When he glances over to Felix again as they cross the state border, he is sound asleep, his head cradled against the worn leather padding of the passenger door. It might be the first time he’s actually slept in days. The sight fills Sylvain with a warmth he can’t exactly explain away, except that it causes the same, gentle ache from earlier to rise up from within him. The sensation is overwhelming enough that he has to look away or risk getting so caught up in the way the sunlight plays against the skin of Felix’s gently parted lips and ink-black hair that he might just steer the car into the gulley between the lanes of the expressway.

Sylvain runs a distracted, sheepish hand through his own hair instead, and laughs gently into the silence that surrounds them.

It’s love, he knows it, as inappropriate and ill-timed as the realization is. There really isn’t a point in denying it now, not when it takes all of the ample self-control he’s developed just to stop himself from pulling the car over and confessing the whole thing right then and there.

It’s _love_ and Felix is his best friend in the whole world who’s grieving the loss of his brother. This is going to ruin everything between them, Sylvain knows it, because now that he understands it, there’s no way he’s going to be able to ignore it.

But it’s love.

It’s staggering and terrifying, awful and _incredible_ all at once.

Sylvain glances back to Felix’s sleeping form, watching his chest rising and falling in deep, easy breaths.

It’s _love_ , and as far as secrets go? There are definitely worse ones to keep.

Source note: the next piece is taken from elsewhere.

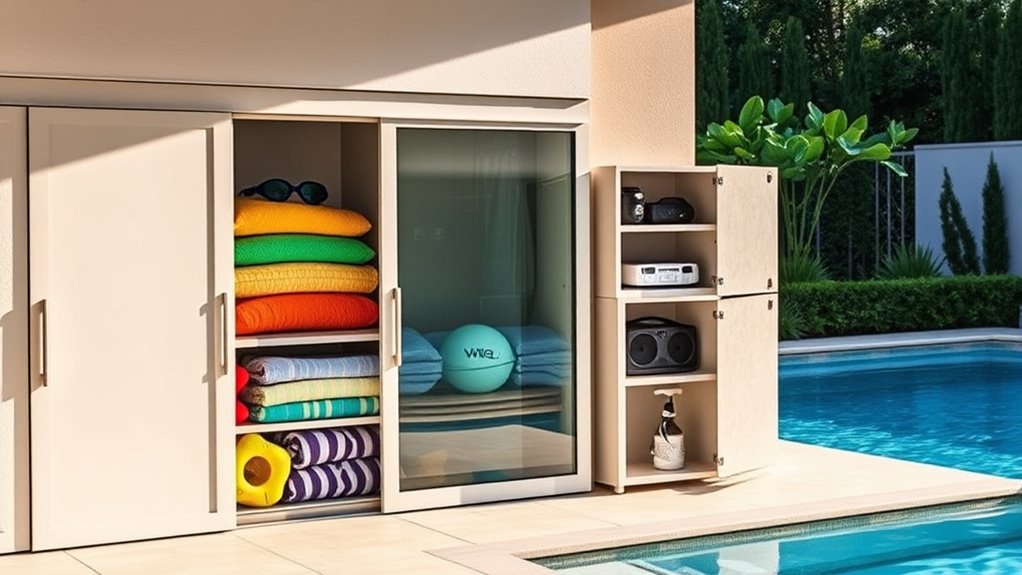 poolside organization and storage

**Notes for the Chapter:**

> I'm sorry, this got away from me. It was turning into a 20k friends to lovers, cross country road trip, bed-sharing, mutual pining epic. But that's not what this fic is about. I had to cut it off, even though that means I never got to this interaction:
> 
> _“Did you ever wish you never had a brother?” Felix asks quietly._
> 
> _The question sits heavily in the air, almost as tangible as the space left between them on the uncomfortable single bed, so carefully maintained that Sylvain isn’t sure he could move if he wanted to._
> 
> _“Yeah,” Sylvain admits in a murmur. “Still do, sometimes.”_
> 
> Oh well, I hope you enjoyed it anyway! Thank you so much for reading!